Après trois semaines de mobilisation, la rue a gagné face au gouvernement roumain. Celui-ci a finalement abrogé l’ordonnance qui permettait de blanchir des centaines d’élus condamnés. La réforme n’est pas enterrée pour autant puisque le gouvernement va maintenant la soumettre au Parlement, où il dispose de la majorité. Mais cette mobilisation organisée de façon décentralisée grâce, notamment, à Internet, a permis à de nombreux Roumains de relever la tête et de se ré-intéresser à la politique. Reportage à Bucarest.

Un cours de droit express, pénal et constitutionnel, c’est ce qu’ont suivi volontairement des centaines de milliers de Roumains mobilisés contre la majorité parlementaire et gouvernementale du Parti social-démocrate (PSD) de Liviu Dragnea. Celui-ci a tenté de promulguer en douce – de nuit, sans passer par le Parlement, et contre les avis négatifs des institutions de la magistrature – une ordonnance d’urgence de modification du Code pénal.

Les décrets gouvernementaux ne passionnent pas spontanément les gens, en particulier en Roumanie où une grande partie de la population a pris ses distances avec la politique. Mais ce décret était trop gros pour passer inaperçu : les modifications en question permettaient de blanchir des centaines d’élus condamnés pour corruption ou abus de biens sociaux, et de classer les dossiers de ceux poursuivis par la Justice.
Une ordonnance qui devait blanchir tous les élus condamnés

Entre 2014 et 2016, pas moins de 1171 personnes, dont de nombreux politiciens locaux, nationaux et des hauts fonctionnaires, ont été condamnés pour abus de fonction. L’ordonnance promulguée en douce visait à dépénaliser cette infraction et à amnistier les délinquants dès lors que le préjudice ne dépasse pas 44 000 euros (200 000 lei). (...)

C’était compter sans la rue. De 200 manifestants à Bucarest le 11 janvier pour le premier rassemblement, la mobilisation a grossi au fil des semaines pour atteindre 600 000 manifestants dimanche soir 5 février, dans un pays de 20 millions d’habitants. Les protestations ne se sont pas limitées à la capitale. Les Roumains sont descendus dans la rue dans des dizaines d’autres villes, grandes ou petites,, et dans plusieurs capitales européennes. Ce sont les plus grandes manifestations depuis la chute du régime totalitaire de Ceaușescu, en 1989.
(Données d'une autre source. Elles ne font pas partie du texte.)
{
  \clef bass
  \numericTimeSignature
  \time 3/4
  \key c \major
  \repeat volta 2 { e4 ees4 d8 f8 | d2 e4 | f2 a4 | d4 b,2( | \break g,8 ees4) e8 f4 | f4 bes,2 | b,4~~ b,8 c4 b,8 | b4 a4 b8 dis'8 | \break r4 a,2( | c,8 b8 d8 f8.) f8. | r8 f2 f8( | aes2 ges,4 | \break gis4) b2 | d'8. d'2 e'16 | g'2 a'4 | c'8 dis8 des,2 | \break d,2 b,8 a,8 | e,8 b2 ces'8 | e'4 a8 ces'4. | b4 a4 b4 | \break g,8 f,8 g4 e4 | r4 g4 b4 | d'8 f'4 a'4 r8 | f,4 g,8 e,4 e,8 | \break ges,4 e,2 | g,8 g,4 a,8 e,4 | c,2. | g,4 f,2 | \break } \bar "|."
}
La Roumanie est peu coutumière des révoltes populaires. Le mouvement ne vient cependant pas de nulle part : en 2013, une mobilisation citoyenne a obligé le gouvernement Ponta (PSD) à renoncer à accorder un permis d’exploitation d’une mine d’or et d’argent de la région de Roșia Montană à une entreprise minière canadienne. En 2015 surtout, le même Victor Ponta a démissionné suite aux manifestations qui ont suivi l’incendie du club Colectiv à Bucarest. Le drame a fait 64 morts brûlés vifs, asphyxiés ou morts des suites de leurs blessures à l’hôpital, dont certains après avoir contracté une bactérie dans un scandale sanitaire lié à la corruption. Cette nuit d’horreur qui a traumatisé la jeunesse roumaine a donné lieu à la création de la page Facebook Corupția ucide, « La corruption tue ». C’est sur cette page qu’ont été lancés les appels aux rassemblements contre les ordonnances d’urgence. Elle risque de servir à nouveau : la réforme n’est pas enterrée, le gouvernement va maintenant tenter de la faire approuver par le Parlement, qu’il domine (...)
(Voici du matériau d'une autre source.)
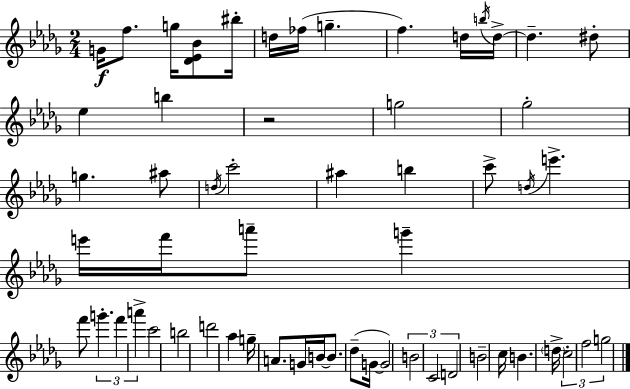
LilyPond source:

{
  \clef treble
  \numericTimeSignature
  \time 2/4
  \key bes \minor
  g'16\f f''8. g''16 <des' ees' bes'>8 bis''16-. | d''16 fes''16( g''4.-- | f''4.) d''16 \acciaccatura { b''16 } | d''16->~~ d''4.-- dis''8-. | \break ees''4 b''4 | r2 | g''2 | ges''2-. | \break g''4. ais''8 | \acciaccatura { d''16 } c'''2-. | ais''4 b''4 | c'''8-> \acciaccatura { d''16 } e'''4.-> | \break e'''16 f'''16 a'''8-- g'''4-- | f'''8 \tuplet 3/2 { g'''4.-. | f'''4 a'''4-> } | c'''2 | \break b''2 | d'''2 | aes''4 g''16-- | a'8. g'16 b'16~~ b'8. | \break des''8--( g'16~~ g'2) | \tuplet 3/2 { b'2 | c'2 | d'2 } | \break b'2-- | c''16 b'4. | \parenthesize d''16-> \tuplet 3/2 { c''2-. | f''2 | \break g''2 } | \bar "|."
}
« C’est tous les mêmes », entendez « ils sont tous corrompus ». Cette phrase et ses variantes sont devenues des poncifs en Roumanie. Les racines du mal sont à chercher dans le changement de régime après la chute de la dictature communiste, dans le transfert des biens étatiques aux intérêts privés, dans la revanche d’une population privée ou expropriée. Et puis dans la longue absence de médias indépendants – la quasi-totalité des télévisions servant les intérêts d’un parti –, dans le déséquilibre entre les pouvoirs, dans l’omniprésence depuis 25 ans d’un parti, le PSD, mue post-révolutionnaire du parti communiste défunt, qui a pris l’habitude de gouverner comme il l’entendait, hors de la surveillance d’une part grandissante de la population. (...)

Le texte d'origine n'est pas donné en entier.